The chief aim of this movement is to revivify the religions of the world, in this way bringing together the followers of the different religions in friendly understanding and in tolerance. All are received with open arms in the Order of the Sufis/Mystics; whatever be their religion, to whatever church they belong, whatever faith they have, there is no interference with it. There is personal help and guidance in the methods of meditation. There is a course of study to consider the problems of life. And the chief aim of every member of the Order is to do the best in his or her power to bring about that understanding, that the whole humanity may become one single family in the Parenthood of God.


 

In the East this inner teaching is part of religion. In the West it is often looked upon merely as an education. It ought to be a sacred education. In the East the Murshid gives the lesson and the pupil practices it for a month or a year. We cannot have a different practice every week. My grandfather practiced one meditation forty years: then a miracle happened to him. We must not be ambitious for other exercises before having had a result from the first one. And we must promise not to reveal these practices.


 

The being of each person is a mechanism of body and mind. When this mechanism is in order, there is happiness and fullness of life; when anything is wrong with the mechanism, the body is ill and peace is gone. This mechanism depends upon winding.

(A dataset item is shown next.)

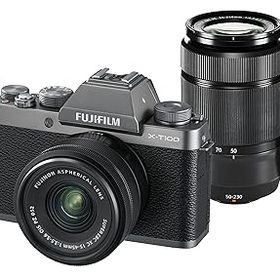 【中古】［非常に良い］FUJIFILM ミラーレス一眼カメラ X-T100ダブルズームレンズキット ダークシルバー X-T100WZLK-DS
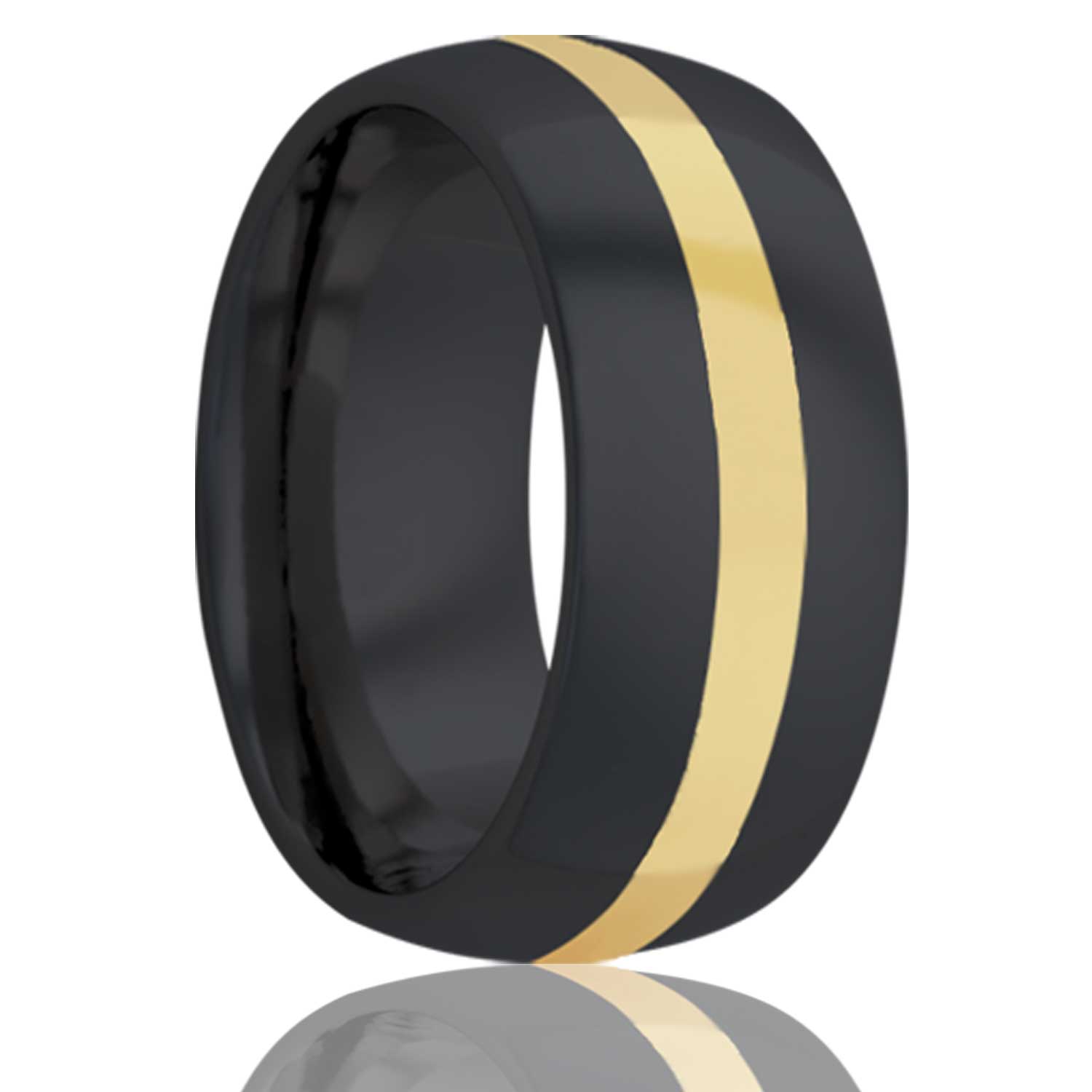 Men's Dome Zirconium band, all high polish with a 2mm 14k yellow gold inlay Wedding Ring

Just as a clock is wound and then goes on for 24 hours, so also in meditation a person sits in a reposeful attitude, puts the mind in a condition of repose, and regulates the work of this mechanism by meditation. Like winding, the effect is felt all the time, because the mechanism is put in order.


 

Very often one is apt to think that study, meditation, and prayer alone can bring one to the way leading to the goal. But it must be understood that there is a great deal to be done by action. Few indeed know what power every action has upon one’s life: what power a right act can give and what effect a wrong act can have. People are only on the lookout for what others think of their actions, instead of what God thinks of them.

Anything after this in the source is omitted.